Categories

Versions

Important Terms

The following lists the first terms you need to know when using RapidMiner Studio. Following the terms are a description of the RapidMiner data types and operator port descriptions.

Attribute

The information elements describing a scenario. Attributes are the table columns of a data set.

The example set included in this Getting Started guide has the attributes gender, age, payment method, last interaction, and churn.

Classification

The process of predicting which category (or class) an example belongs to, based on existing data for which category membership is known. A category is defined as the possible values for a label. (Similarly, regression is the process for predicting numerical results.) That is, with classification you construct a model that, when trained, uses the learned rules to predict the category of new data.

Each example in the data set falls into the category of either churning or not churning. The prediction of which category each example falls into, for those examples missing the label data, is derived from the rules learned during training.

Data set

The training set is the data used to discover predictive relationships and train models. The test set is the data used to test the accuracy and meaningfulness of a model's representation of the predictive relationship (typically discovered using the training set). The new data set is the data with missing labels; the rules derived from the training set are applied to predict outcome for the new data set.

In this tutorial, you train and test your model using the customer-churn-data data set. Originally an Excel file, customer-churn-data became an available data set when you imported into RapidMiner.

Example

Characterized by its attributes, an example has concrete values that can be compared with other examples. Examples are the table rows of a data set.

The example set customer-churn-data includes 993 examples (also known as rows). They are identified by a row number that RapidMiner prepends.

Example Set

The table created from the attributes (columns) and examples (rows). Also known as data or data set.

The example set used here is customer-churn-data, which originated from the file customer-churn-data.xslx.

Label

The identifying attribute in relation to the current question. The goal is to know or learn this attribute's (the label's) value, or learn rules for deriving it from the regular attributes, for each row in the example set. Sometimes referred to as the target attribute or variable, it is the thing to predict for new examples that are not yet characterized. There can be only one label per data set.

Churn is the attribute of interest in this tutorial’s data set. Setting the role of the Churn attribute to label allows you to predict, for each example, whether the customer will cancel.

Model

The data mining method or prediction instruction. A model explains the discovered rules and/or predicts unknown situations for current and future examples.

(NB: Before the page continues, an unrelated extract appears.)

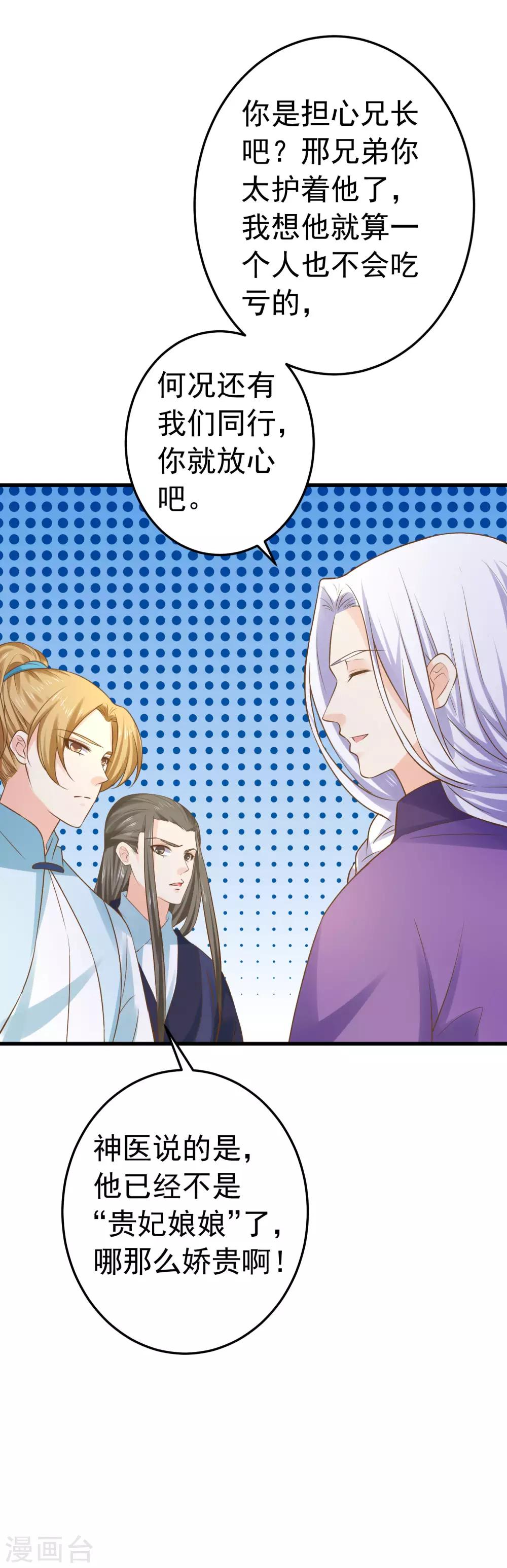 第112话 失落城池-第119话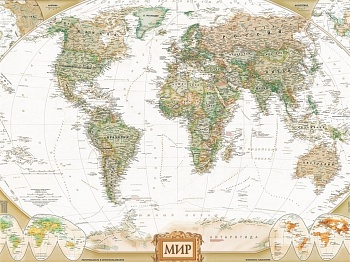 ПОДРОБНАЯ КАРТА МИРА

In this tutorial you created a model that predicts whether a customer will cancel. Your evaluation (validation) of the model returns accuracy percentages.

Operator

The building blocks, grouped by function, used to create RapidMiner processes. An operator has input and output ports; the action performed on the input ultimately leads to what is supplied to the output. Operator parameters control those actions. There are more than 1500 operators available in RapidMiner. Operators, in the Operators panel of the Design view, are both browsable and searchable.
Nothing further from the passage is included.